When you write out the records, keep every line exactly as it is.

Stored data |

○ ○ ○ ○ ○

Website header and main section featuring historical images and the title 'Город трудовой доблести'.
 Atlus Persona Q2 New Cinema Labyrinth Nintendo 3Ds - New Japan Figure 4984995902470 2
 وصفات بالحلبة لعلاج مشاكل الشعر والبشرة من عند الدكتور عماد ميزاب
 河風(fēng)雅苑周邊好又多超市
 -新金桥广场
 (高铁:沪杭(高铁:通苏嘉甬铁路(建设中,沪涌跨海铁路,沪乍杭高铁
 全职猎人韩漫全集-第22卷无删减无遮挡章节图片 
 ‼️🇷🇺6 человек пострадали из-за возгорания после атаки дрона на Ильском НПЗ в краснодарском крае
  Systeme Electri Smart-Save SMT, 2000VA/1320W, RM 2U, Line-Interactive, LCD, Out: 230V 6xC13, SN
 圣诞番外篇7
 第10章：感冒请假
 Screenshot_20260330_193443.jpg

○ ○ ○ ○ ○

ANSWER TO THE PROBLEM |
Website header and main section featuring historical images and the title 'Город трудовой доблести'.
 Atlus Persona Q2 New Cinema Labyrinth Nintendo 3Ds - New Japan Figure 4984995902470 2
 وصفات بالحلبة لعلاج مشاكل الشعر والبشرة من عند الدكتور عماد ميزاب
 河風(fēng)雅苑周邊好又多超市
 -新金桥广场
 (高铁:沪杭(高铁:通苏嘉甬铁路(建设中,沪涌跨海铁路,沪乍杭高铁
 全职猎人韩漫全集-第22卷无删减无遮挡章节图片 
 ‼️🇷🇺6 человек пострадали из-за возгорания после атаки дрона на Ильском НПЗ в краснодарском крае
  Systeme Electri Smart-Save SMT, 2000VA/1320W, RM 2U, Line-Interactive, LCD, Out: 230V 6xC13, SN
 圣诞番外篇7
 第10章：感冒请假
 Screenshot_20260330_193443.jpg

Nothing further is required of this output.